Di bawah kepemimpinan Refida Herastuti, Oh My Jazz tumbuh dari sekadar komunitas menjadi ekosistem pembinaan dan kolaborasi yang lengkap. Refida menegaskan, tantangan utama jazz saat ini bukan terletak pada selera publik, melainkan regenerasi.
“Banyak anak muda punya bakat luar biasa, tapi mereka butuh wadah yang relevan dengan dunia mereka hari ini,” ujarnya dalam acara Oh My Jazz Gathering di Jakarta, Minggu (2/10).
Tiga Pilar: Panggung, Mentorship, dan Dunia Digital
Pendekatan Oh My Jazz memadukan tiga pilar utama: live performance, mentorship, dan digital showcase.
Musisi muda tak hanya tampil di atas panggung, tetapi juga mendapatkan bimbingan intensif mengenai pengembangan karakter musikal, produksi konten digital, hingga strategi membangun karier yang berkelanjutan.
Refida dan timnya ingin memastikan bahwa regenerasi jazz bukan sekadar wacana, tetapi sistem yang nyata — di mana setiap talenta baru memiliki kesempatan untuk tumbuh dan dikenal.

Jazz yang Menyapa Semua Genre
Keunikan Oh My Jazz terletak pada keberaniannya menjembatani jazz dengan berbagai gaya musik populer. Dalam sejumlah penampilan terakhir, publik disuguhi kolaborasi tak terduga: perpaduan jazz dengan pop, soul, bahkan dangdut — tanpa kehilangan ruh improvisasi yang menjadi jantung jazz itu sendiri.
“Jazz bukan museum. Ia lentur, hidup, dan bisa berdialog dengan siapa pun,” kata Refida.
Pendekatan ini membuat jazz terasa lebih dekat bagi generasi muda yang selama ini menganggap genre itu terlalu eksklusif.
Puncak program tahunan Oh My Jazz adalah festival “Oh My God”, ajang pencarian dan presentasi karya musisi muda dari berbagai daerah di Indonesia.
Setiap tahap — mulai dari audisi, proses latihan, hingga pertunjukan akhir — direkam dan diunggah ke kanal digital Oh My Jazz, menjadikannya laboratorium terbuka bagi publik untuk menyaksikan perjalanan kreatif para peserta.
“Generasi hari ini belajar, berkarya, dan berekspresi lewat layar. Karena itu, jazz juga harus punya panggung digital,” ujar Refida.
Membangun Ekosistem yang Berkelanjutan
Lebih dari sekadar komunitas, Oh My Jazz juga menggandeng produser, label independen, dan platform distribusi digital untuk membantu musisi muda memahami hak cipta, pengelolaan royalti, dan monetisasi karya.
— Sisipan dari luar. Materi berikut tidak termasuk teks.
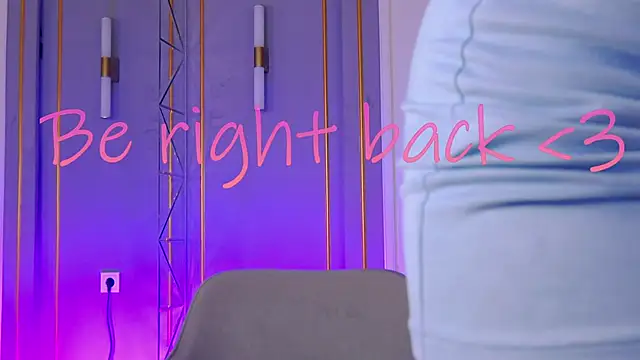 Snapshot of Smiley_Mia chatting on January 2025 08:11:02 AM Smiley Mia online show from January 2025 08:11:02 AM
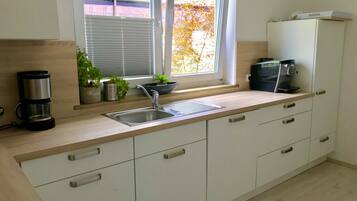 Comfort-Apartment, 3 Schlafzimmer | Eigene Küche | Reinigungsartikel, Küchenrolle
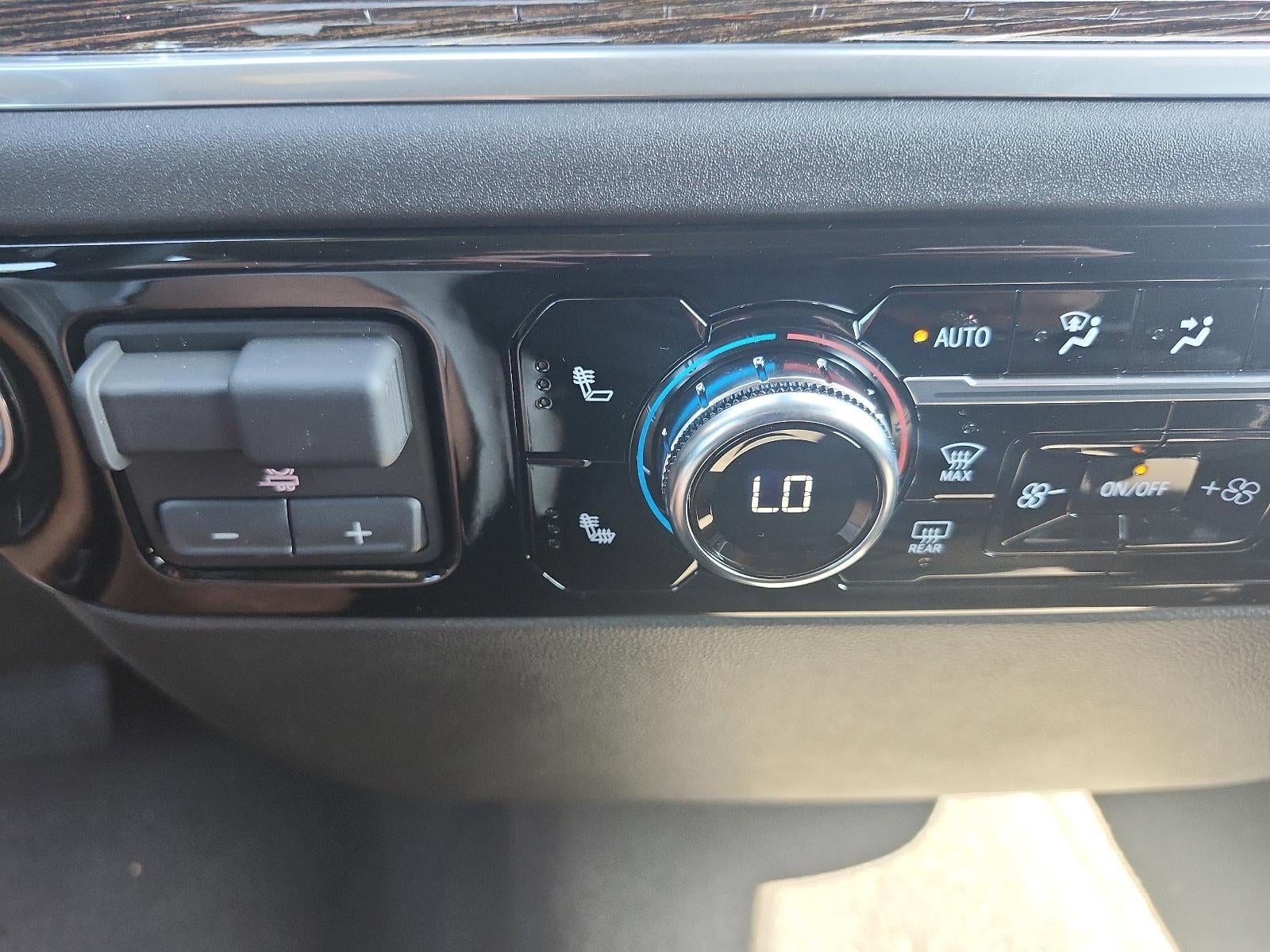 2026 GMC Sierra 1500 Crew Cab Short Box 4-Wheel Drive SLE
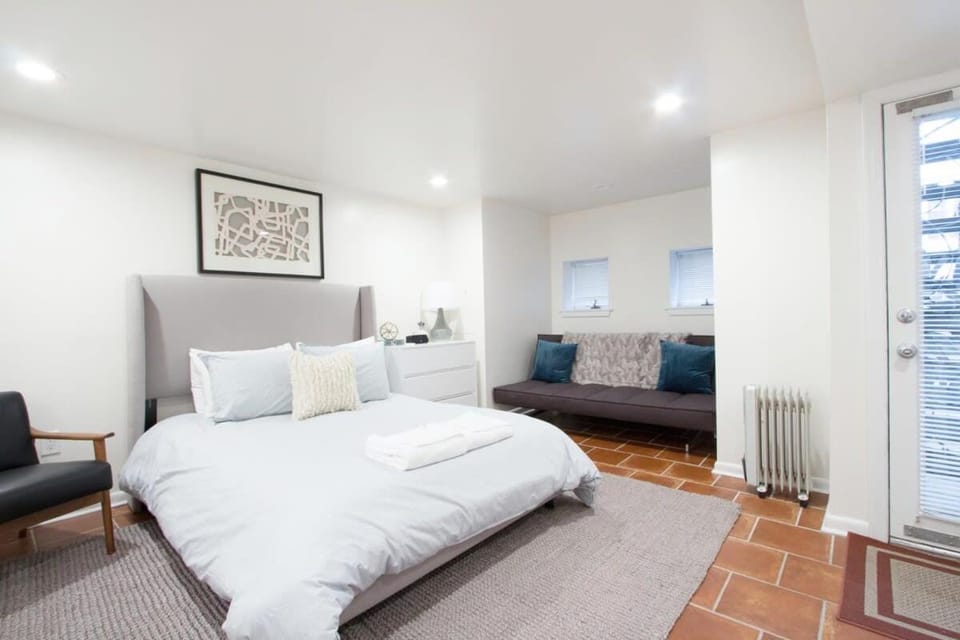 WELL-EQUIPPED STUDIO APT - WALK TO METRO SUBWAY Apartment in Arlington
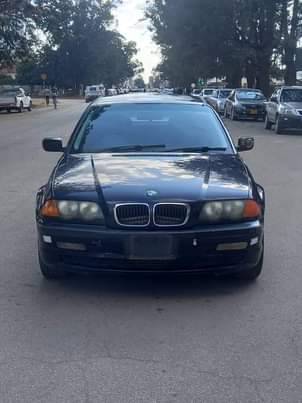 bmw 318i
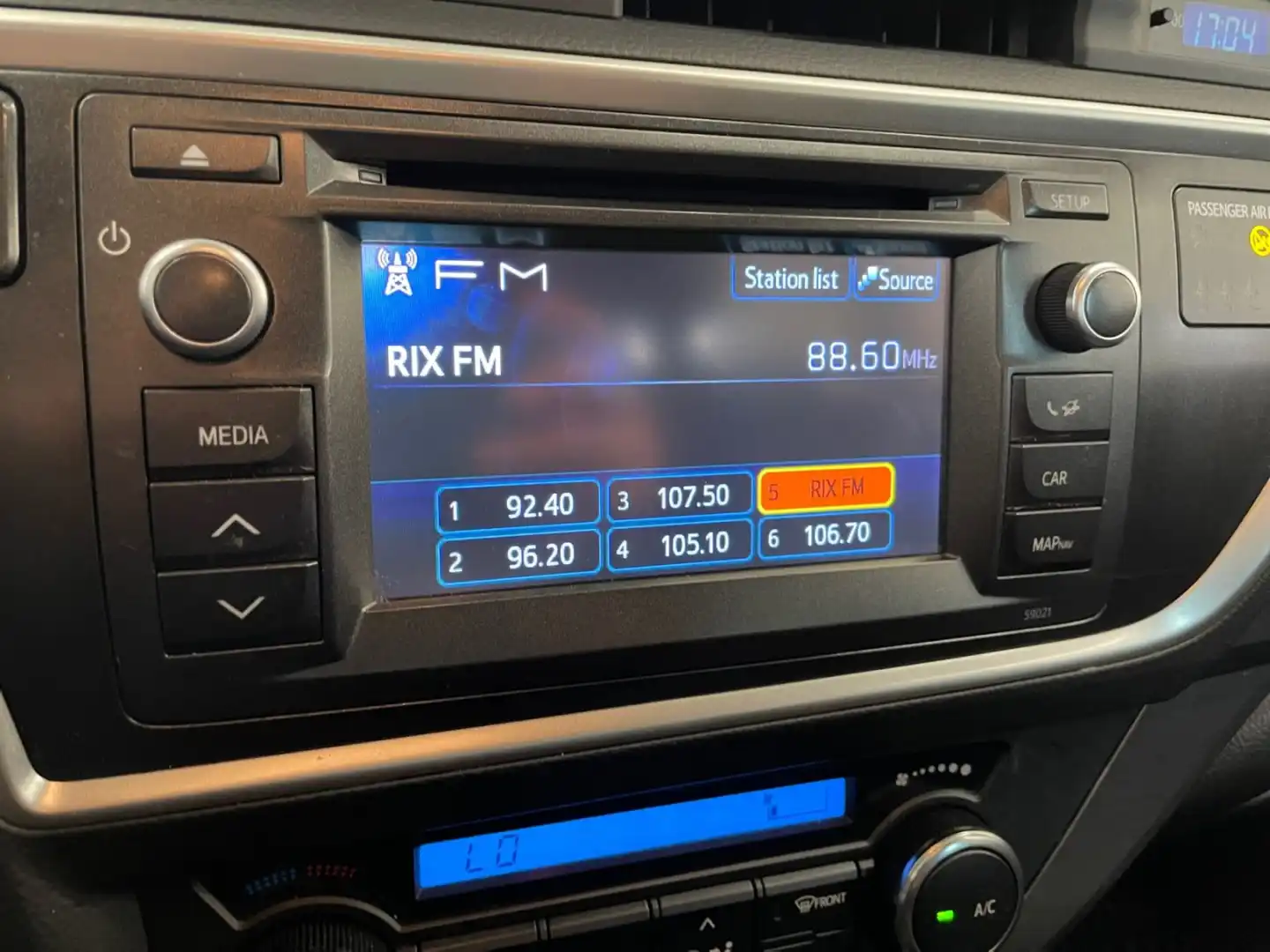 car-image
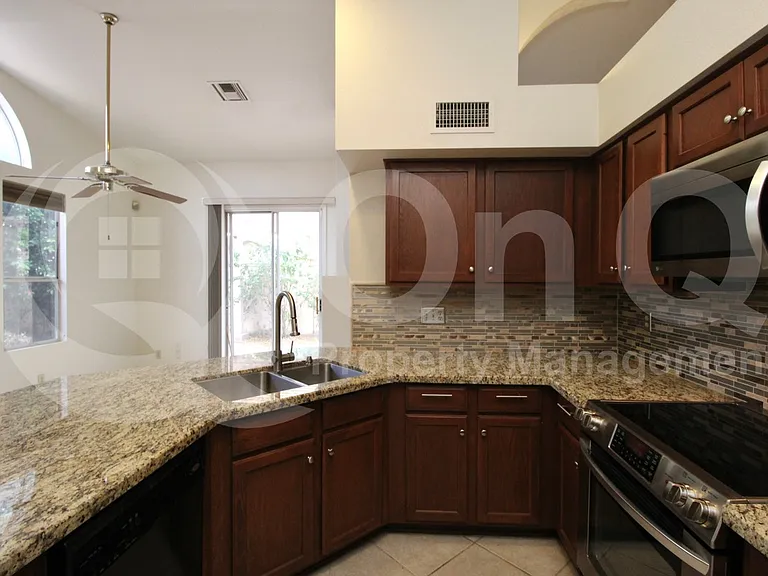 315 W Marconi Ave — Photo 6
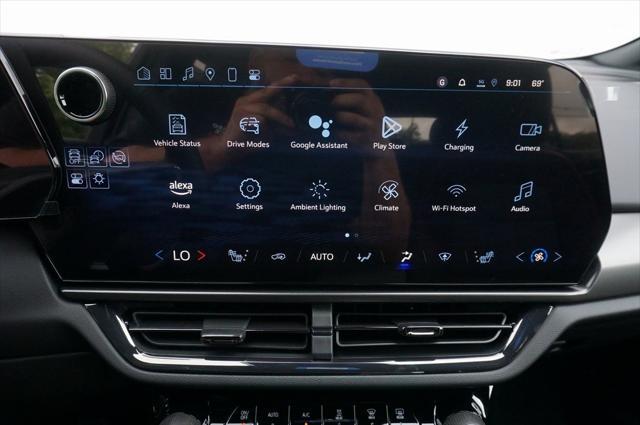 new 2025 Chevrolet Equinox EV car, priced at $29,965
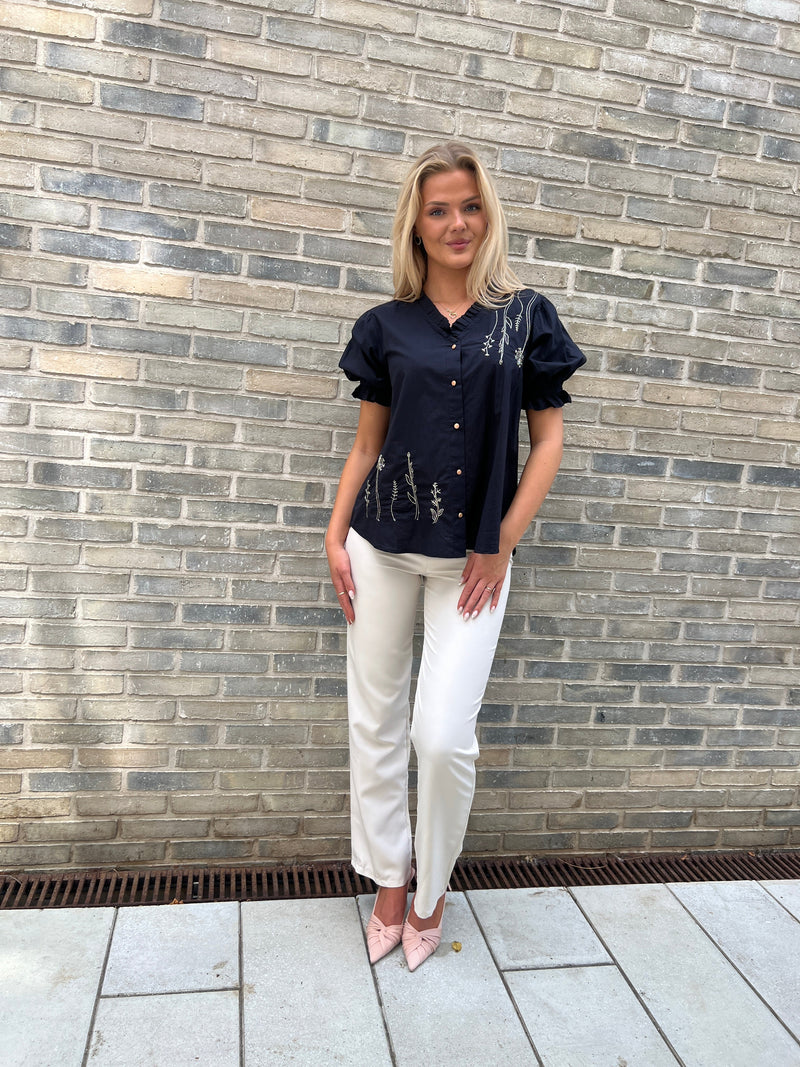 Gaspar black Garda Blouse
Refida percaya, keberlangsungan jazz tidak cukup ditopang oleh idealisme semata, tetapi juga sistem yang sehat.
“Cinta pada musik harus diimbangi dengan struktur yang mendukung para pelakunya,” tegasnya.
Dengan semangat kolaboratif dan visi jangka panjang, Oh My Jazz menjelma menjadi ruang pertemuan antara tradisi dan masa depan. Di tangan generasi baru, jazz tidak lagi sekadar alunan masa lampau — melainkan napas segar yang terus berimprovisasi seiring waktu.